◆ What you have to do: An exact copy of all the data is needed, with every picture left out.
#### Material shown ####
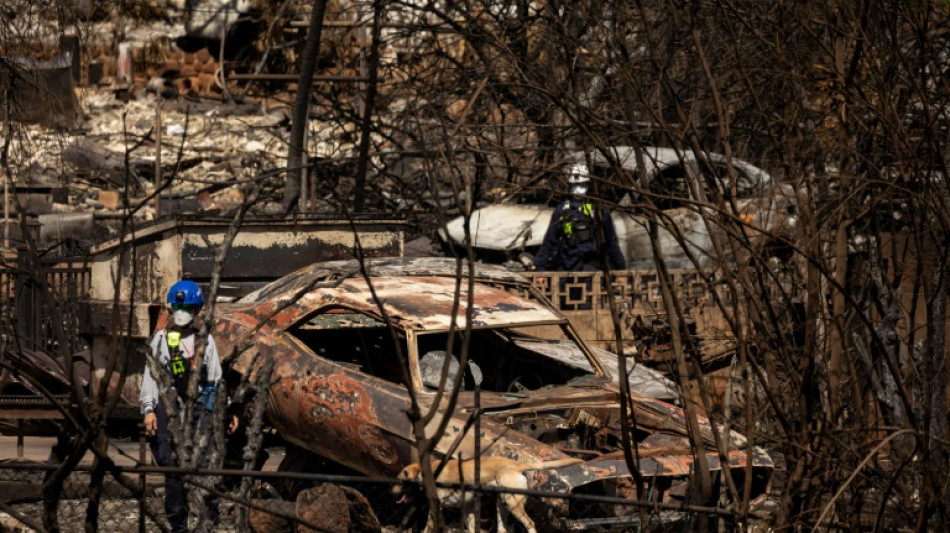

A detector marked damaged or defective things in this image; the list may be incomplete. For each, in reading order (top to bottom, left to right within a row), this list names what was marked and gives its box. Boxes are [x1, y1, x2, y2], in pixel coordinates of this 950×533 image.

burned car [442, 145, 800, 268]
rusted car body [442, 147, 800, 268]
broken window opening [290, 306, 410, 384]
second burned vehicle [210, 258, 772, 528]
rusted car body [216, 258, 772, 528]
burned car [216, 258, 772, 528]
broken window opening [418, 322, 596, 392]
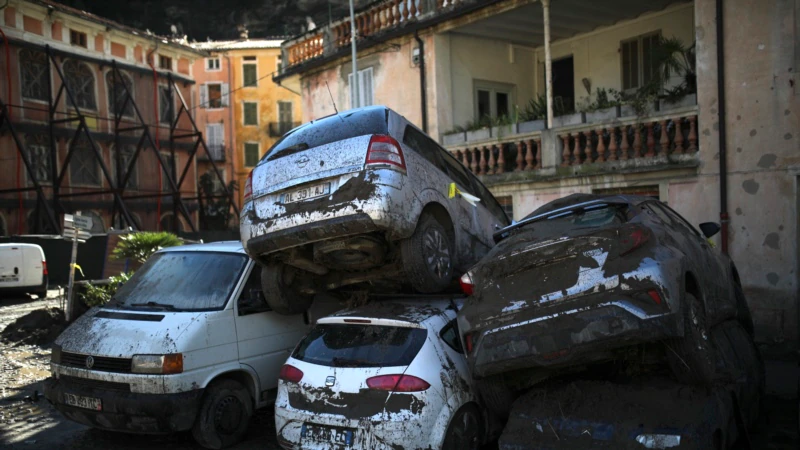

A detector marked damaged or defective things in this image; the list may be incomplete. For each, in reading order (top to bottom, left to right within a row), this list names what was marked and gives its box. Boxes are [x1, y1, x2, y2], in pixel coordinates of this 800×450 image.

broken window [19, 50, 48, 101]
broken window [24, 134, 52, 185]
broken window [63, 59, 96, 110]
broken window [69, 138, 101, 185]
broken window [104, 70, 134, 118]
broken window [242, 100, 258, 125]
broken window [242, 142, 258, 167]
flood-destroyed vehicle [241, 106, 510, 314]
overturned vehicle [241, 107, 510, 314]
crushed sedan [241, 107, 510, 314]
flood-destroyed vehicle [44, 243, 338, 450]
crushed sedan [276, 298, 482, 448]
flood-destroyed vehicle [276, 298, 484, 448]
crushed sedan [454, 192, 752, 414]
flood-destroyed vehicle [456, 192, 756, 414]
overturned vehicle [456, 192, 756, 414]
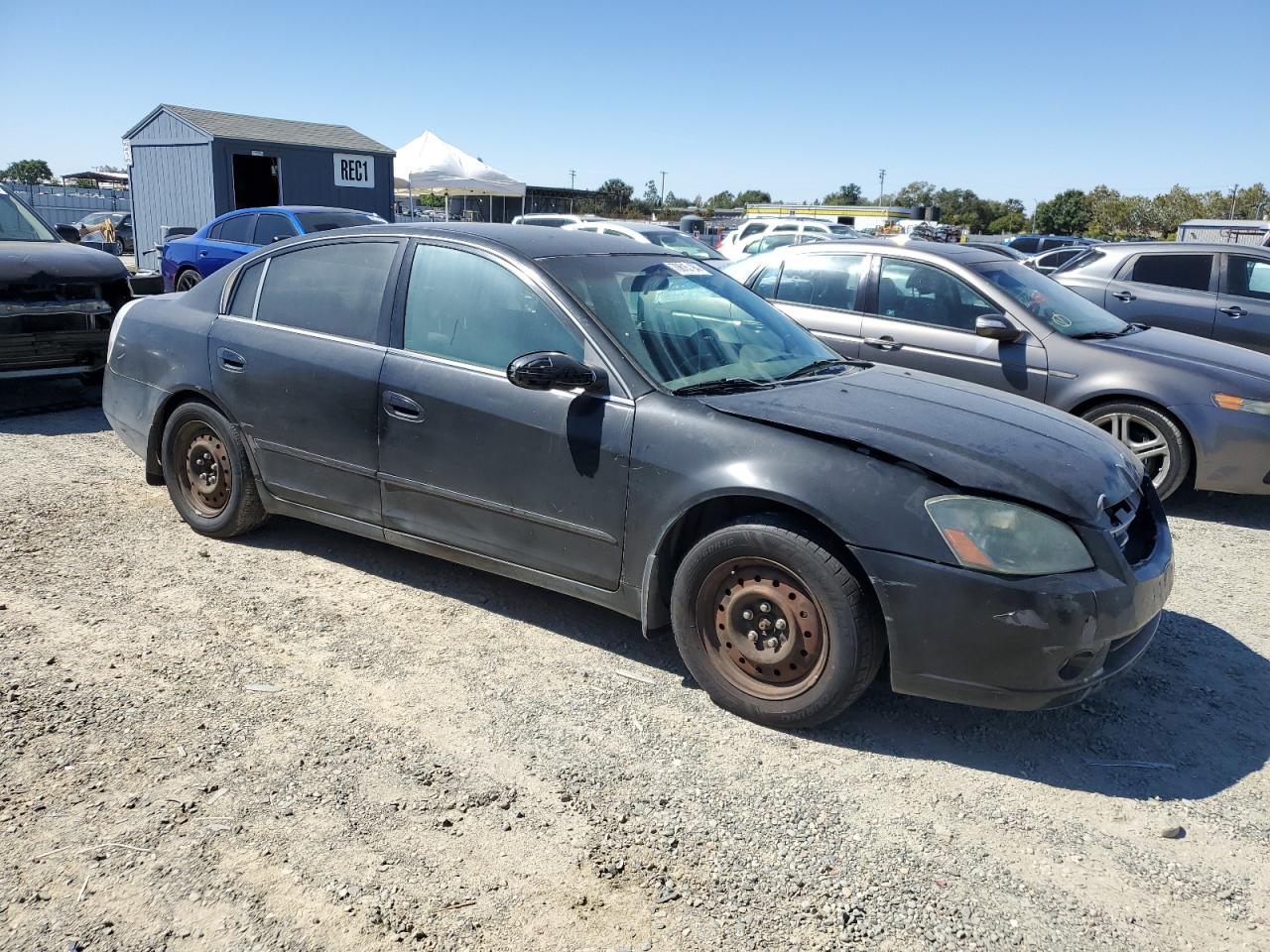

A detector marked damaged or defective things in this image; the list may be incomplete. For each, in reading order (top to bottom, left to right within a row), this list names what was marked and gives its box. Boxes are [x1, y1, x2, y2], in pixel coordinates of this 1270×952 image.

wrecked car hood [0, 242, 128, 283]
damaged black car [0, 183, 131, 383]
rusty steel wheel rim [175, 420, 232, 518]
damaged black car [103, 225, 1173, 731]
wrecked car hood [705, 368, 1143, 531]
rusty steel wheel rim [700, 558, 827, 700]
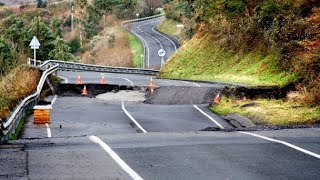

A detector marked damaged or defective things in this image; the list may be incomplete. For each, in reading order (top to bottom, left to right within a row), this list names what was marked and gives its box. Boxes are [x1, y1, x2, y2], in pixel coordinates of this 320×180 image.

damaged guardrail [0, 64, 59, 141]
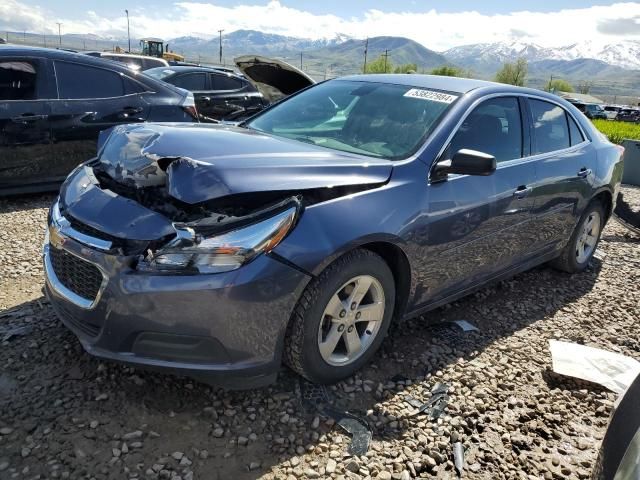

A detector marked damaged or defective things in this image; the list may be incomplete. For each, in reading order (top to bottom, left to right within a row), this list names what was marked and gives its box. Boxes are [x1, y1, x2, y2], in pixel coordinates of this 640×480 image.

crumpled hood [234, 54, 316, 102]
broken headlight [138, 203, 298, 274]
front-end damage [61, 123, 390, 274]
crumpled hood [97, 123, 392, 203]
damaged sedan [42, 76, 624, 390]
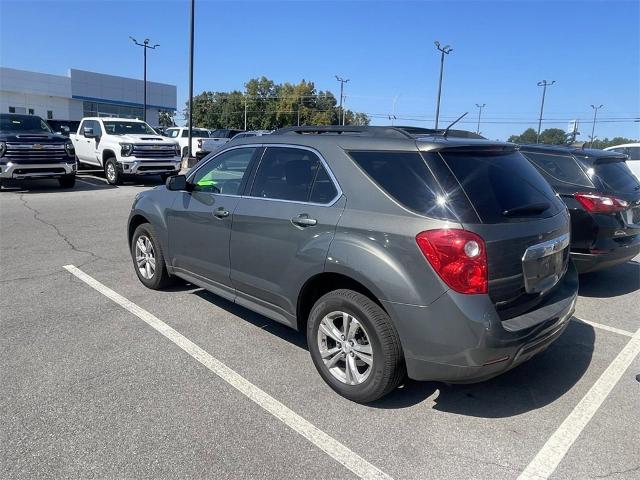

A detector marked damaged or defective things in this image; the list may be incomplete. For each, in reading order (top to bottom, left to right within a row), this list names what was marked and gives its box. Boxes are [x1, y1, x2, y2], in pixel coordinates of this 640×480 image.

crack in asphalt [17, 193, 110, 264]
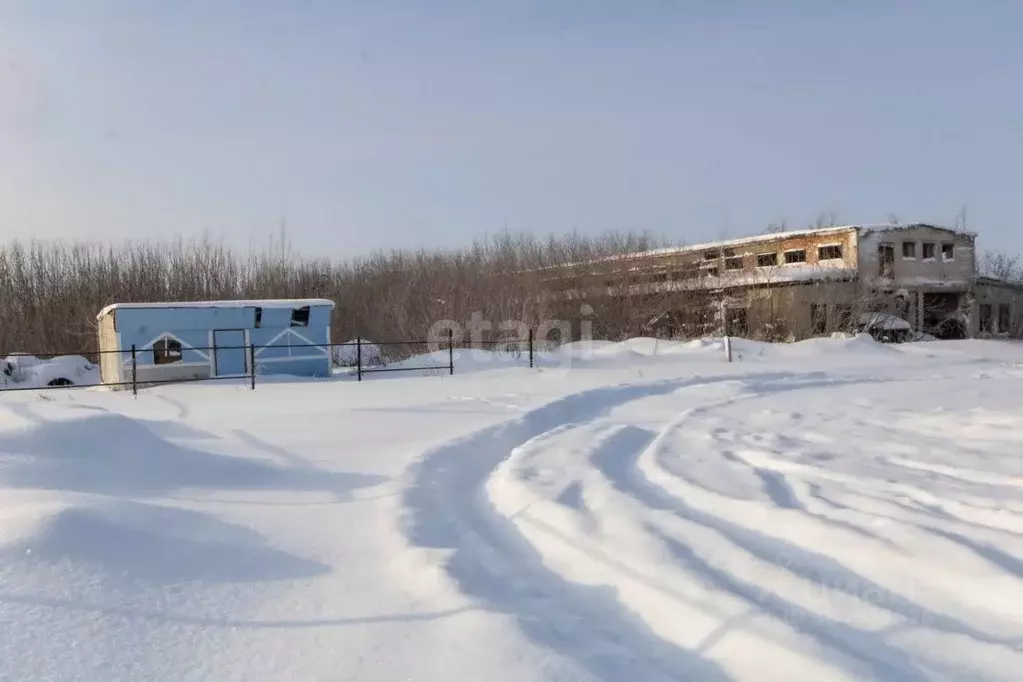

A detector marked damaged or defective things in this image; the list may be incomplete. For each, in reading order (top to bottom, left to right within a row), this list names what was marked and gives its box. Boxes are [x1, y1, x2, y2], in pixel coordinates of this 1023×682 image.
####
◆ Expected output:
A detector marked damaged or defective things in this image; the list may be incomplete. For each, in reading order (top to bottom, left to right within a row), this list names what was marked and gives its box. Boxes are [x1, y1, x2, y2], in pixel coordinates of this 950×533 image.

burned car [442, 145, 800, 268]
rusted car body [442, 147, 800, 268]
broken window opening [290, 306, 410, 384]
second burned vehicle [210, 258, 772, 528]
rusted car body [216, 258, 772, 528]
burned car [216, 258, 772, 528]
broken window opening [418, 322, 596, 392]

A detector marked damaged or defective things in this image; the list may be incomplete. For each, in reading order (top to bottom, left to right within a row), this list names what was marked and gives its box. Boxes are [x1, y1, x2, y2], in pixel coordinates of this 800×450 image.

broken window [19, 50, 48, 101]
broken window [24, 134, 52, 185]
broken window [63, 59, 96, 110]
broken window [69, 138, 101, 185]
broken window [104, 70, 134, 118]
broken window [242, 100, 258, 125]
broken window [242, 142, 258, 167]
flood-destroyed vehicle [241, 106, 510, 314]
overturned vehicle [241, 107, 510, 314]
crushed sedan [241, 107, 510, 314]
flood-destroyed vehicle [44, 243, 338, 450]
crushed sedan [276, 298, 482, 448]
flood-destroyed vehicle [276, 298, 484, 448]
crushed sedan [454, 192, 752, 414]
flood-destroyed vehicle [456, 192, 756, 414]
overturned vehicle [456, 192, 756, 414]

A detector marked damaged or defective things in this image; the list may be incomplete. For each, in reading order (top to bottom, left to right within a row), this list names what was marked and gives its box. Boxes are [x1, y1, x2, y2], in pixel coordinates of this 1270×952 image.

wrecked car hood [0, 242, 128, 283]
damaged black car [0, 183, 131, 383]
rusty steel wheel rim [175, 420, 232, 518]
damaged black car [103, 225, 1173, 731]
wrecked car hood [705, 368, 1143, 531]
rusty steel wheel rim [700, 558, 827, 700]

A detector marked damaged or defective things in this image; the list may be incomplete. For each, in reading order (top to bottom, left to right within a row), this list names what was marked and gives its box. Boxes are [x1, y1, x2, y2], in pixel coordinates of this 320×180 image.

damaged guardrail [0, 64, 59, 141]

A detector marked damaged or defective things in this image; the list may be incomplete. For each, in reading order (top to bottom, left to right within a row), this list names what was marked and gives its box. Boxes are [x1, y1, x2, y2], in pixel coordinates of this 640×480 image.

crumpled hood [234, 54, 316, 102]
broken headlight [138, 203, 298, 274]
front-end damage [61, 123, 390, 274]
crumpled hood [97, 123, 392, 203]
damaged sedan [42, 76, 624, 390]

A detector marked damaged or defective things in this image; the list may be incomplete. For each, in reading order (top to bottom, left to right within a row), this list names what was marked and gives its box. Boxes are [x1, y1, x2, y2], in pixel coordinates of this 640×480 image.

crack in asphalt [17, 193, 110, 264]

A detector marked damaged or defective things in this image; the list may be incomplete. For each, in reading order (top to bottom, left to right within a row), this list names what was marked and gives its box. Boxes are [x1, y1, x2, y2], in pixel coordinates of this 1023×682 image.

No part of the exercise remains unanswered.